= Exercise instructions =
Each line from the one with "Du miel avec" through the end of the records below should be transcribed exactly, and each picture should be skipped.

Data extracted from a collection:
########
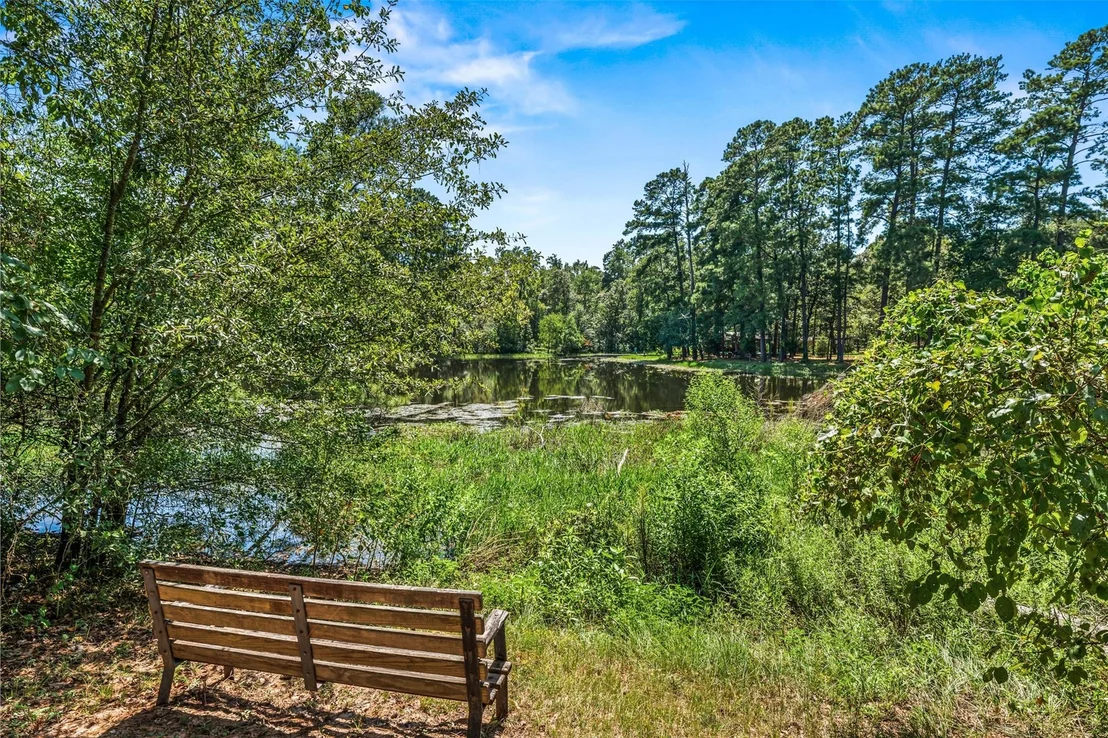 Photo of 15843 Oak Drive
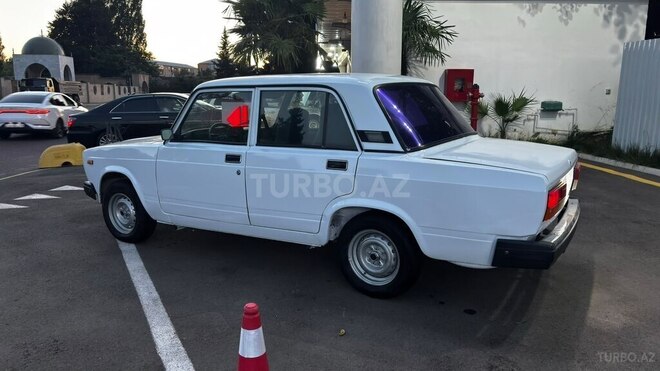 LADA (VAZ) 2107-4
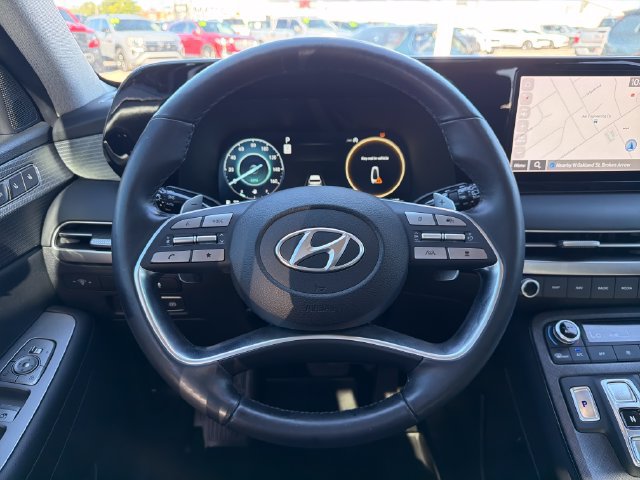 Used 2023 Hyundai Palisade Limited w/ Winter Package AWD/4WD image 10
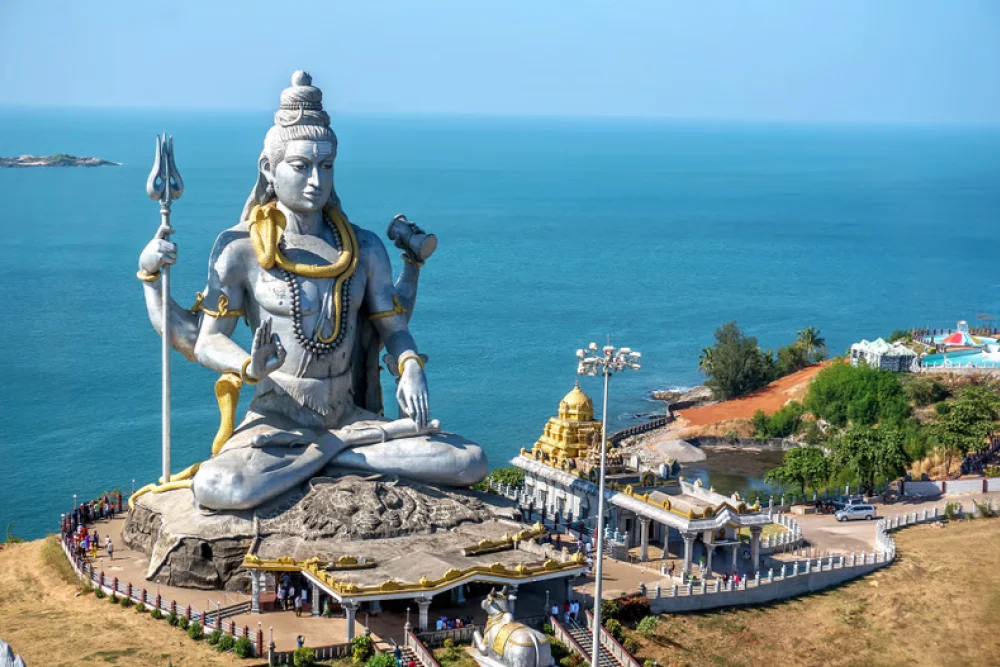 Statue of Shiva at Murudeshwara Temple complex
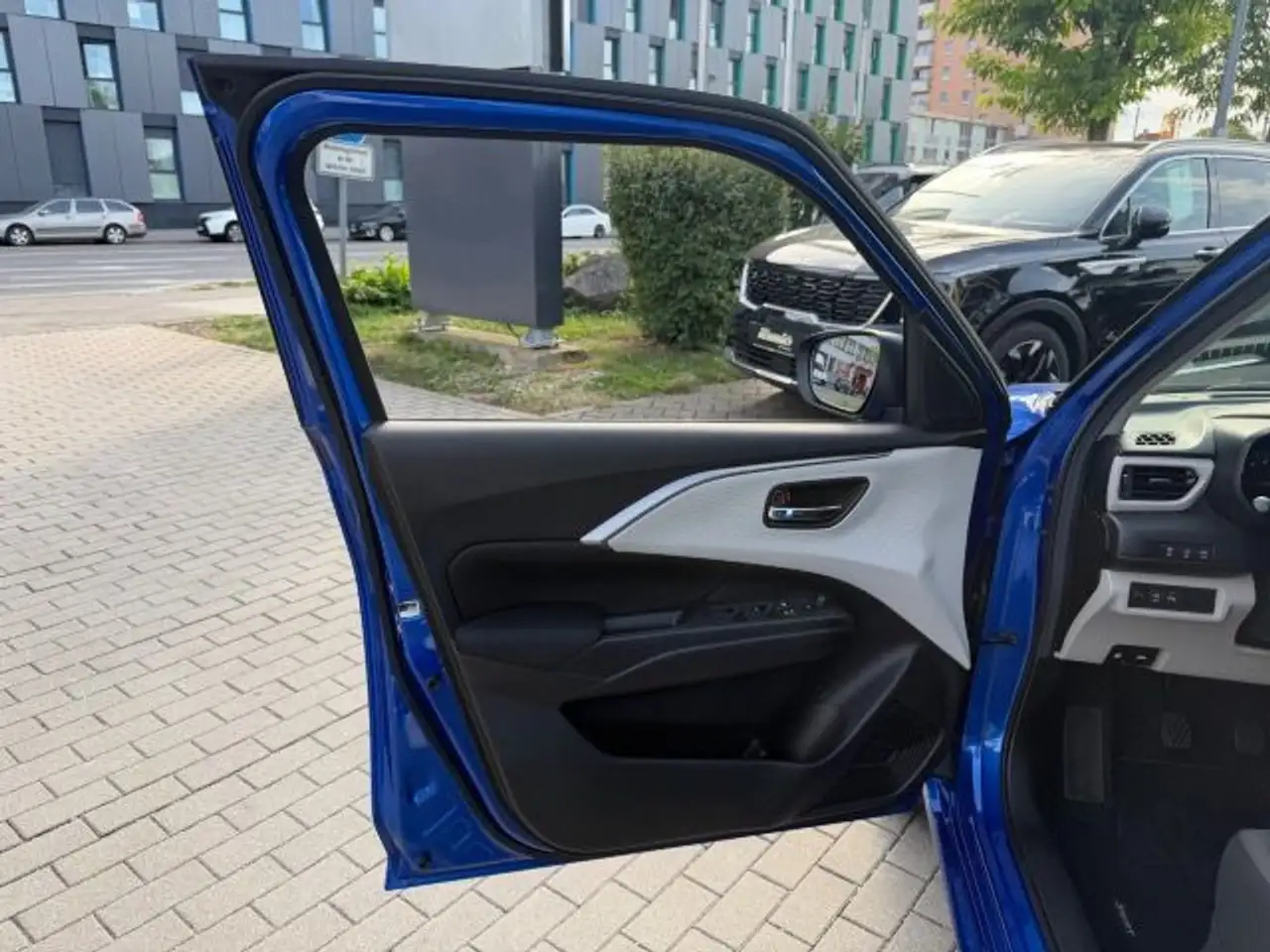 Suzuki Swift SWIFT 1.2 DUALJET HYBRID 5-GANG COMFORT+ — Galería del vehículo 11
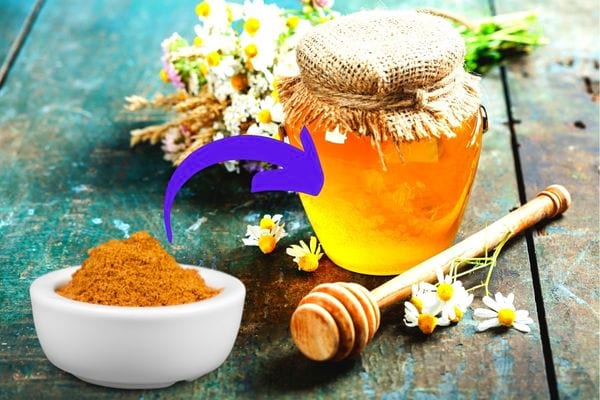 Du miel avec du curcuma pour faciliter la digestion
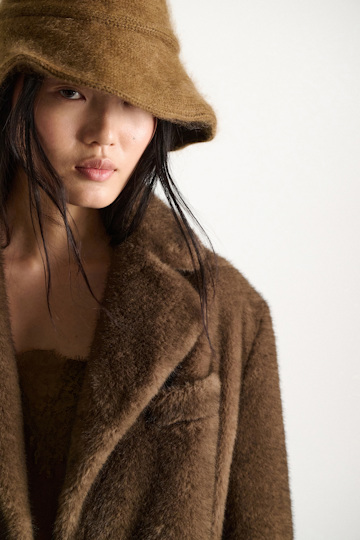Dorothee Schumacher Merino-cashmere bucket hat porcini Model Detail View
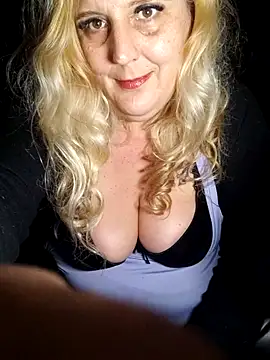 BecciDeluxe's cam snapshot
########
= Answer =
 Du miel avec du curcuma pour faciliter la digestion
Dorothee Schumacher Merino-cashmere bucket hat porcini Model Detail View
 BecciDeluxe's cam snapshot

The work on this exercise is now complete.